Pasarse
El verbo ha entrado recientemente en el lenguaje coloquial (“te has pasao”, “pasarse tres pueblos…”) y hay que reconocerle el mérito de describir divinamente, y nunca mejor dicho, las costumbres de Dios según las cuenta la Biblia: el éxodo no fue un vadear arremangados el Mar de los Juncos buscando la orillita, sino un paseo triunfal sobre lo seco entre murallas de agua; llovió tanto maná que, como dicen los gallegos, “no daban acabado”; las codornices fueron otro diluvio inesperado; las murallas de Jericó se vinieron abajo solo con tocar las trompetas.

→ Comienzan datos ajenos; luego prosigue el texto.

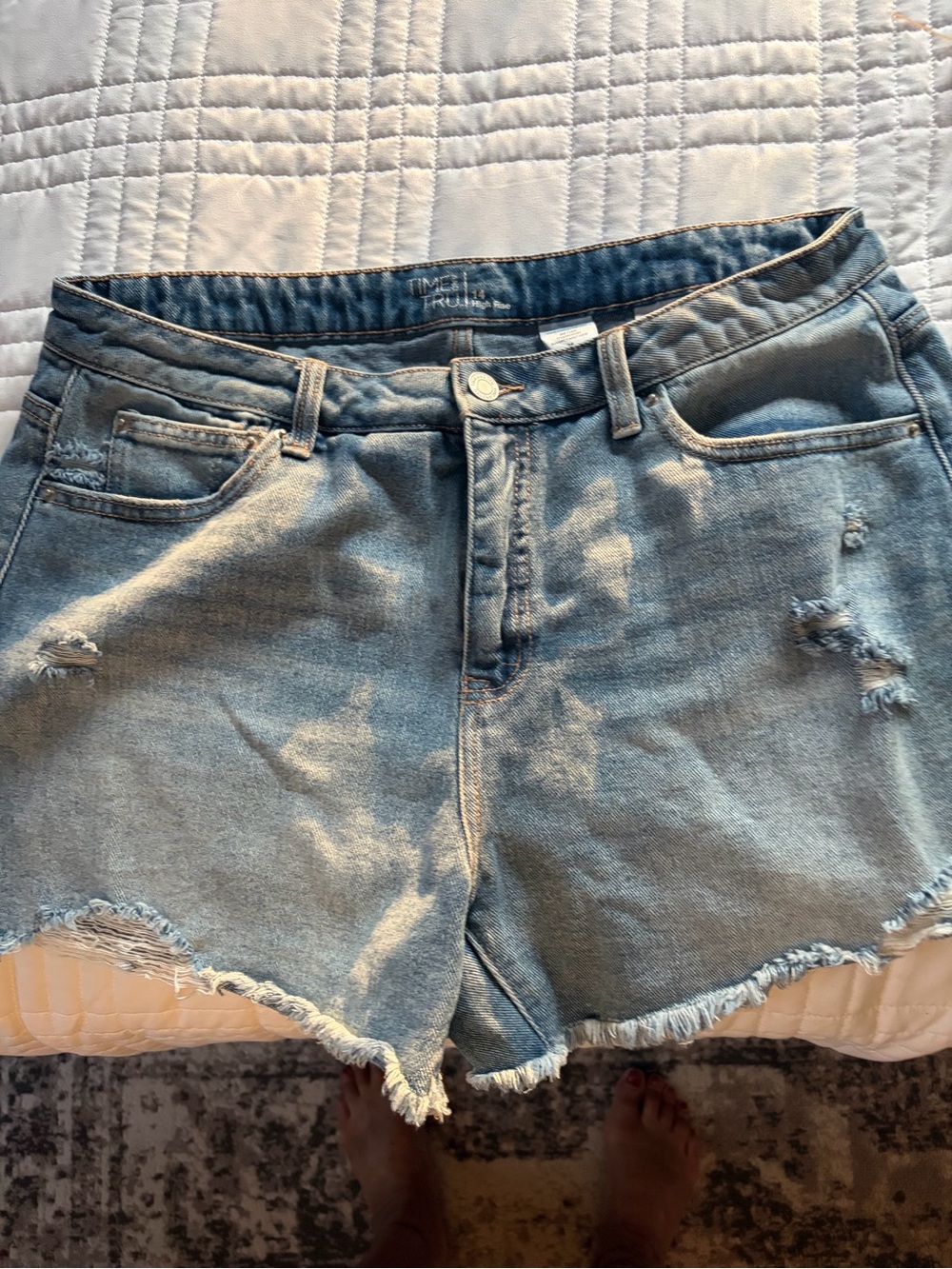 Time and Tru  Mid-Rise Distressed Denim Shorts - Light Blue- SZ 14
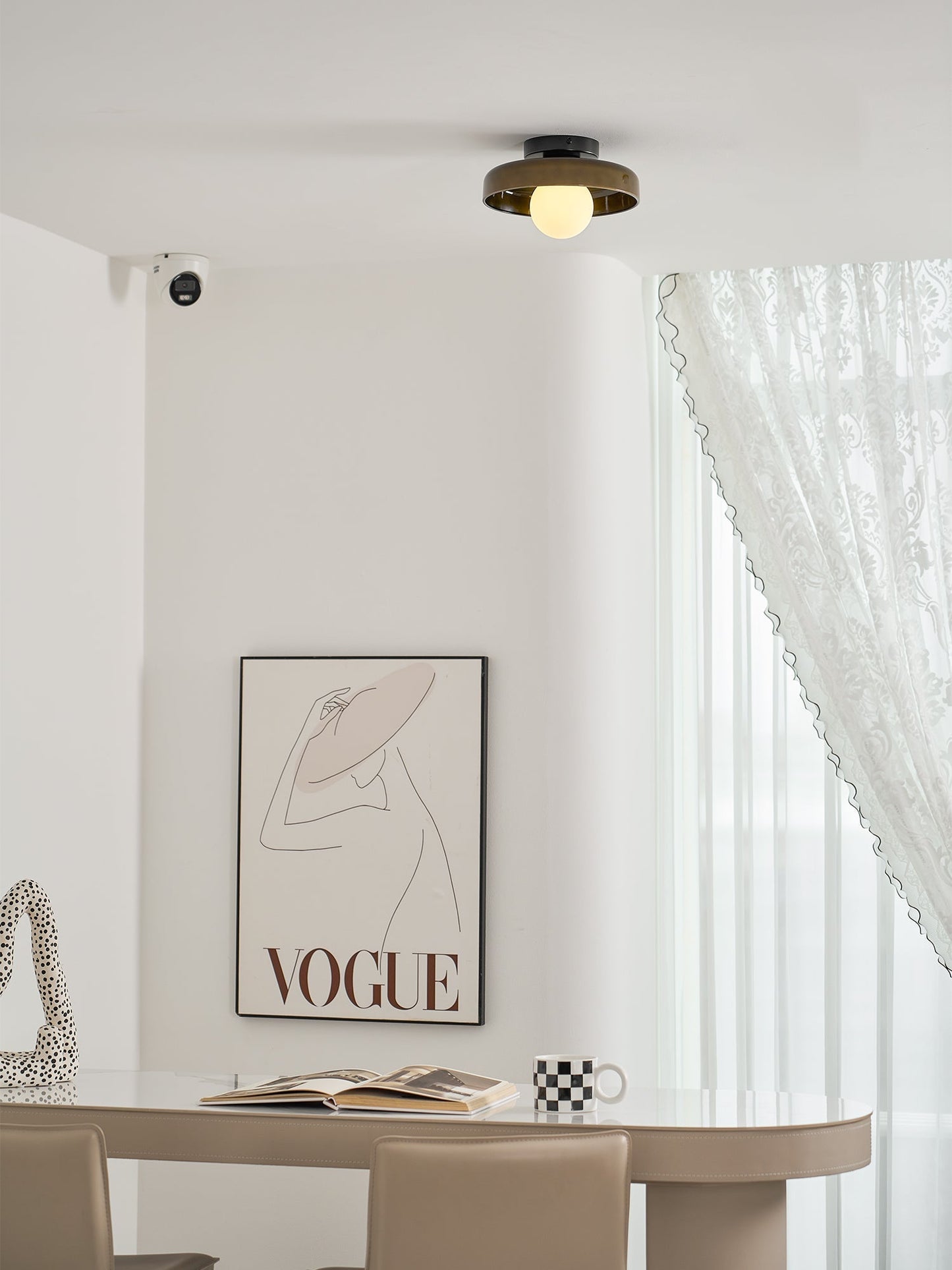 Disc Orb Plafondlamp – Moderne Glazen Lampenkap Rond Scandinavisch Design Messing Basis 3 Lichtpunten Warm Licht Woonkamer Slaapkamer Eetkamer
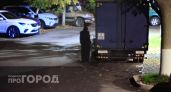 В Дзержинске в районе Северных ворот ночные воры опустошают баки припаркованных "Газелей"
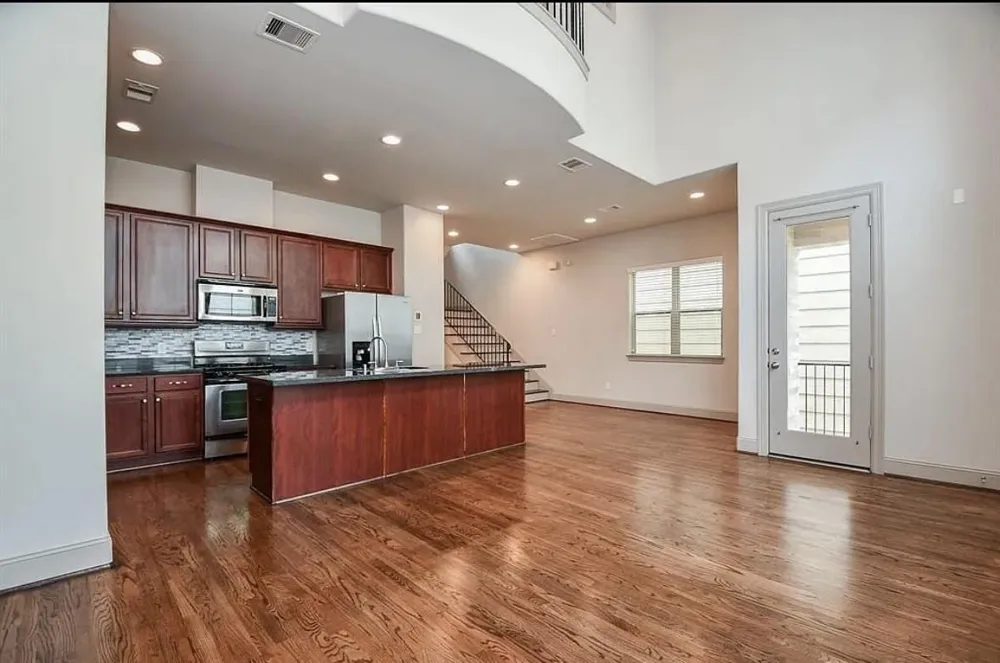 2908 Leeland Street Houston, TX 77003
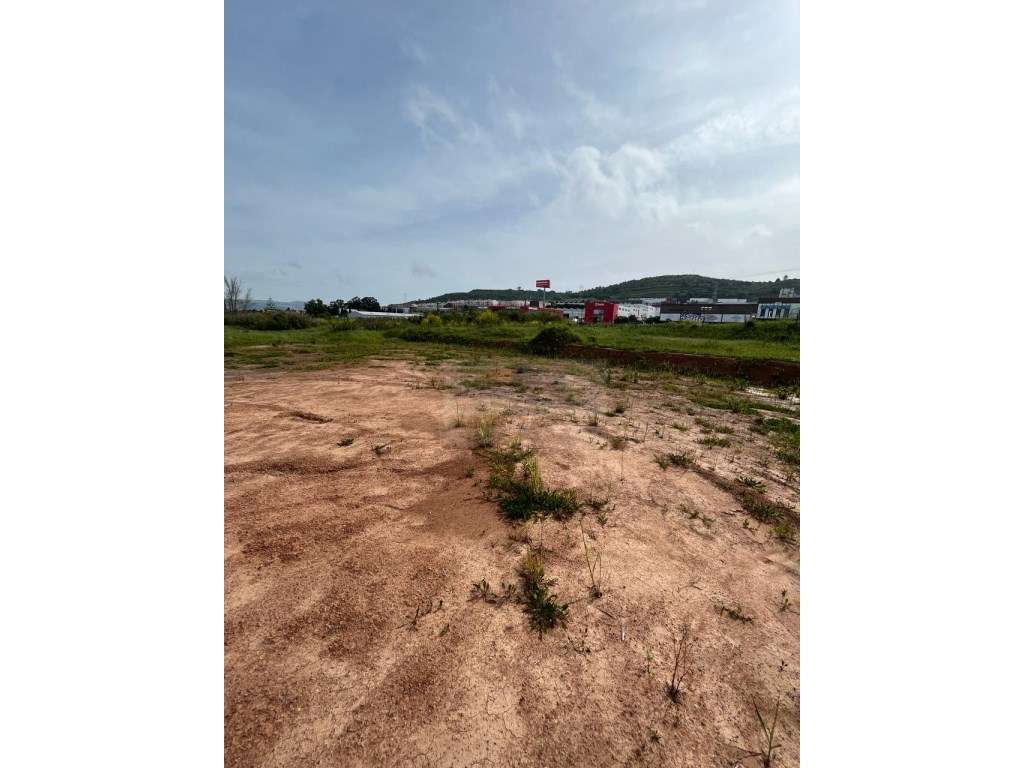 Fantástico Terreno com 8800m2 ao lado do Grupo Barraqueiro em frent... - Grande imagem: 2/3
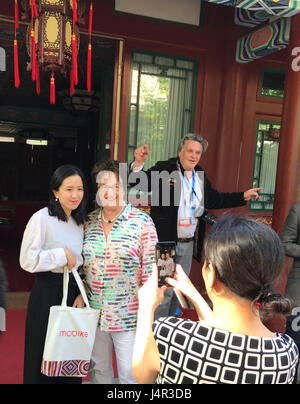 Peking, China. 13. Mai 2017. Bundesminister für wirtschaftliche Angelegenheiten Brigitte Zypries (c, SPD) spricht, der Gründer der chinesischen Inbetriebnahme Mobike für Bikesharing, Hu Weiwei (l) in Peking, China, 13. Mai 2017. Zypries trafen sich morgen mit jungen Unternehmern vor dem "Silk Road-Gipfel". Während des Gipfels für die Entwicklung von eine "neue Seidenstraße" in Peking will der Minister für wirtschaftliche Angelegenheiten Brigitte Zypries (SPD) kostenlos Handels und des fairen Wettbewerbs Kampagne. Foto: Andreas Landwehr, Dpa/Alamy Live-Nachrichten Stockfoto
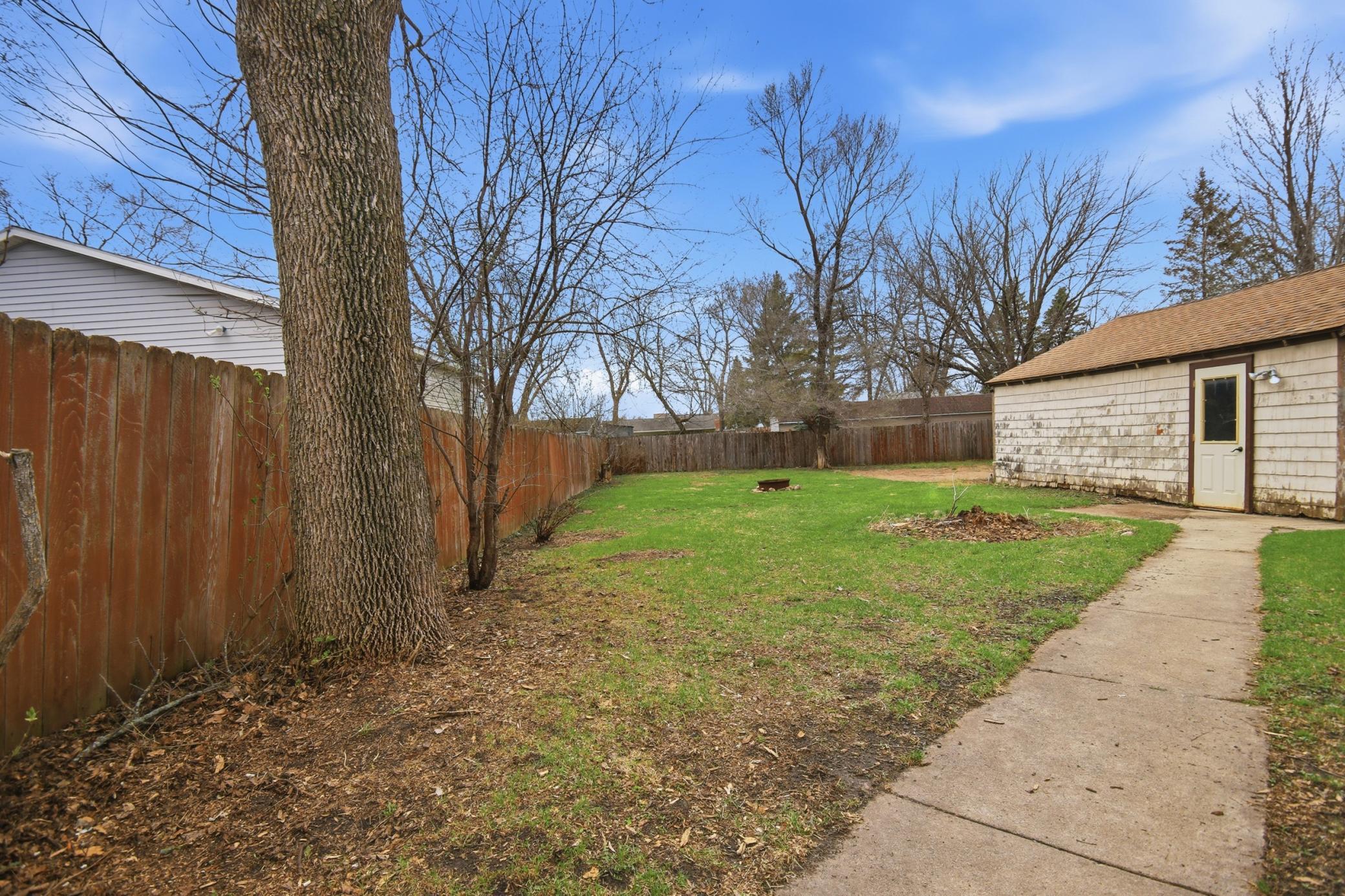 914 N Elm Avenue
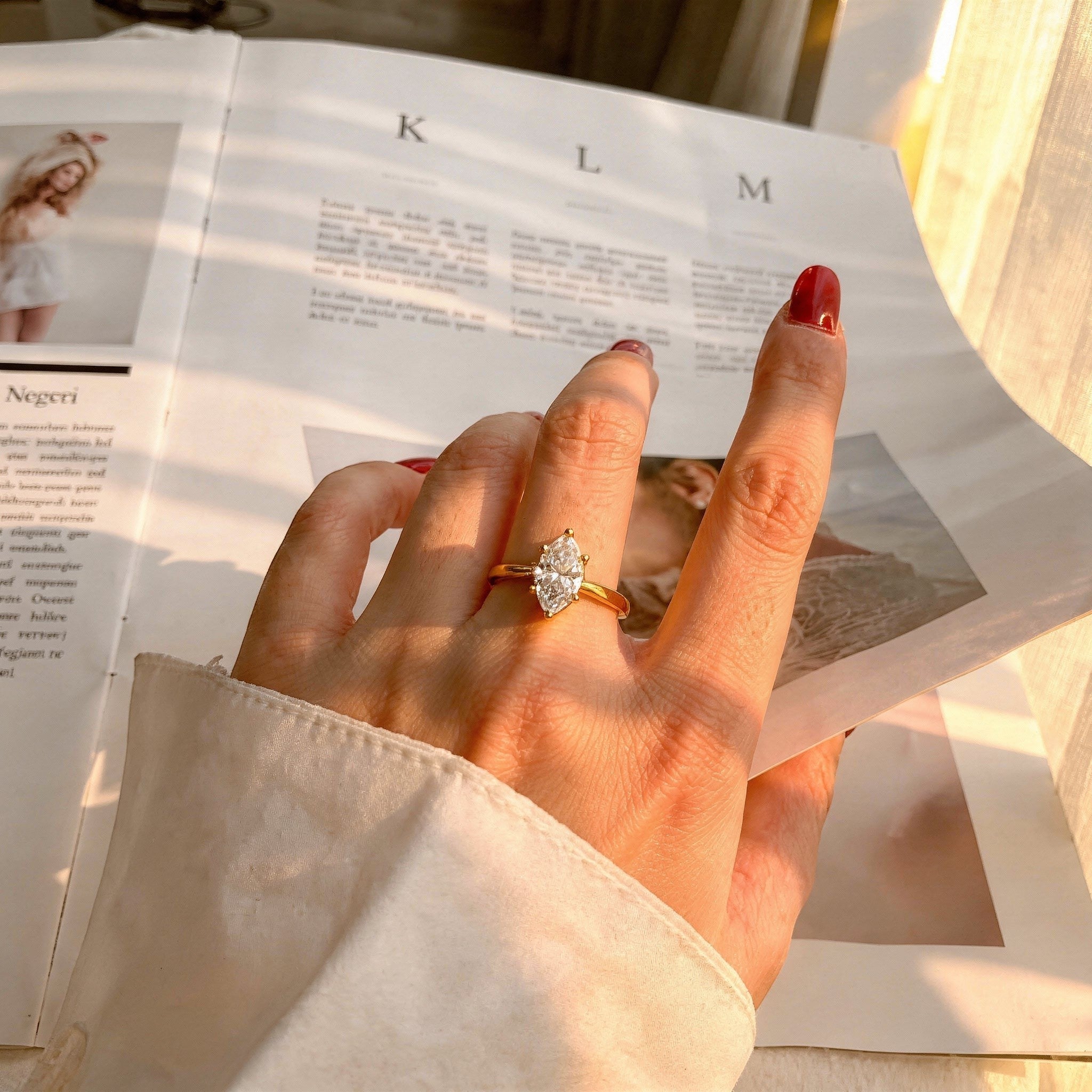 18K Yellow Gold Vermeil, 18K Yellow Gold Vermeil / Lifestyle, 18K Yellow Gold Vermeil / 1.00 CARAT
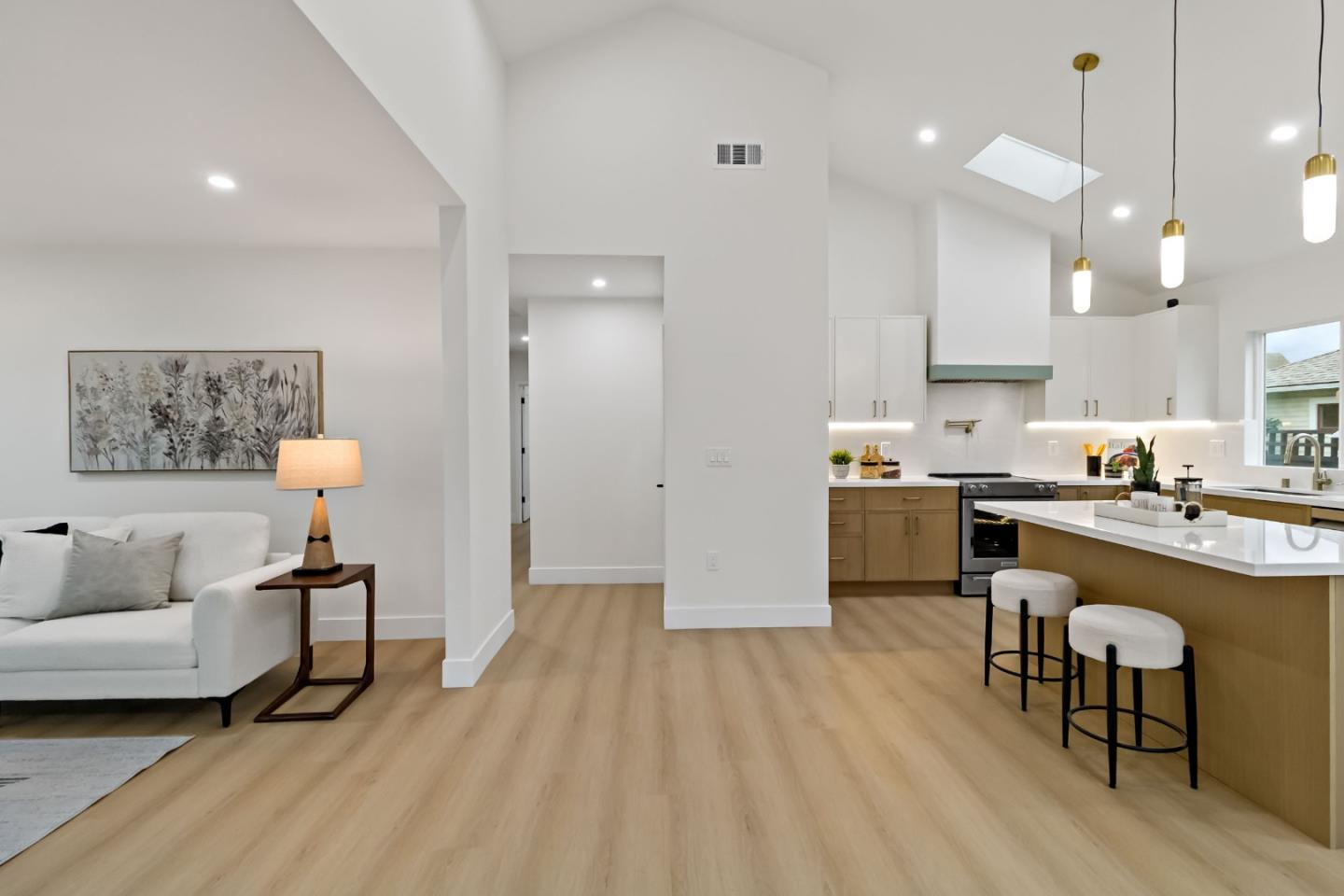 Detail Gallery Image 49 of 69 For 1304 Singletary Ave, San Jose,  CA 95126 - 3 Beds | 3 Baths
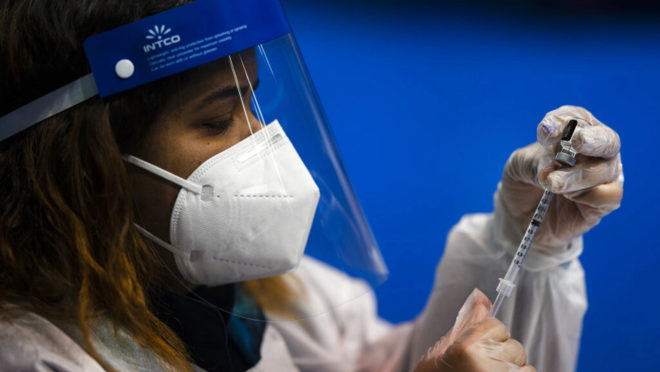 Saiba qual primeiro sintoma ao ser infectado pela Ômicron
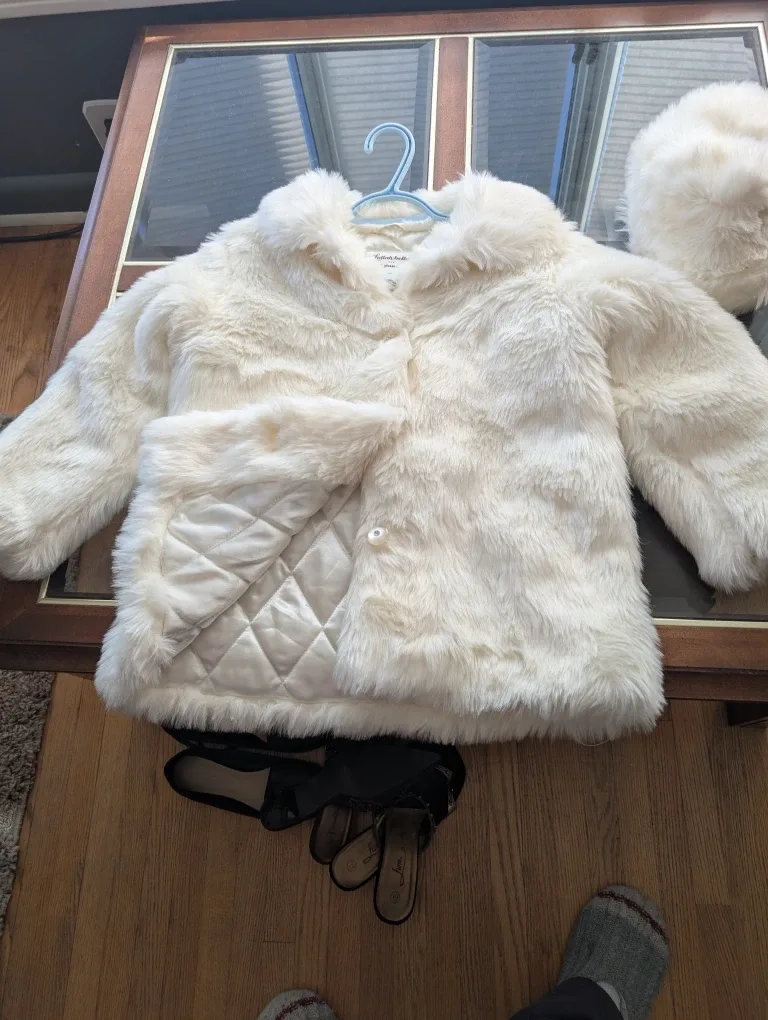 Hartstrings Faux Fur Coat - Size 6/7 with hat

En los evangelios siguen desbordándose las cosas: la abundancia de peces casi hunde la barca en el lago; el vino que sobró en Caná bastaba para emborrachar a los paisanos de media Galilea; sobraron tantos panes y peces después del banquete en el descampado, que hicieron falta doce canastos para recogerlos; Nicodemo se presentó en el Calvario con 35 kilos de perfume para ungir el cadáver de Jesús.
Cuando nosotros, europeos comedidos y formales, queremos hablar de algo desmedido que nos desborda, echamos mano, todo lo más, a signos de admiración o a mayúsculas, pero lo de los orientales es otra cosa y “se pasan” mucho a la hora de contarlo. Si en vez de en Galilea Jesús hubiera nacido en Escandinavia o en Pomerania Occidental, su discurso hubiera sido probablemente más contenido y circunspecto y no hubiera usado imágenes tan disparatadas como las que de vez en cuando se le ocurrían. Pero era un judío de imaginación calenturienta y se le ocurrió un día aquello de la morera ultraobediente que,ante la orden de alguien con fe, se arrancaba ella sola y se plantaba en medio del mar (Lc 17,10).
Lo descabellado del ejemplo nos invita a hacernos preguntas: qué fe tan rara es esta de la que habla, qué poco se parece a aquello que decía el catecismo de “creer lo que no vemos”, qué falta de homologación con el lenguaje habitual de las encíclicas anteriores a Francisco.
A lo que de verdad recuerda es a ese estado de exaltación y arrebato que produce el enamoramiento: quien está viviendo esa experiencia de éxtasis, se siente empujado más allá del umbral de la lógica y no se detiene ante lo que parece imposible: saltar tapias, andar sobre telas de araña, escuchar en plena noche el canto de los pájaros. Son imágenes que emplea el Romeo de Shakespeare para describir la exaltación de su amor y solo el Evangelio supera su audacia: perdedores que ganan, caminantes descalzos pisando escorpiones, granitos de mostaza convertidos en árboles, céntimos que valen una fortuna, hijos encontrados y cubiertos de besos, últimos que resultan primeros, el paraíso prometido por un crucificado a otro que agoniza a su lado.
La noche de Belén fue “de eso”: de pasarse, de excederse y derrochar, de saltarse todos los límites, todas las medidas, todo lo convenido, todo lo adecuado: oscuridad inundada de resplandor, silencio estallando en himnos, pastores corriendo en busca del Pastor, una cuadra convertida en palacio del Rey. En palabras de Efrén de Nísibe, allá por el s. IV: el Grande se hacía pequeño, el Silencioso se volvía Palabra, el Señor se convertía en siervo, el Centinela se quedaba dormido sobre un pesebre.
Cuando decimos “felices Pascuas” estamos diciendo sencillamente eso: para alegría de la buena, la de quienes acompañan en su camino a Aquel que se pasó primero.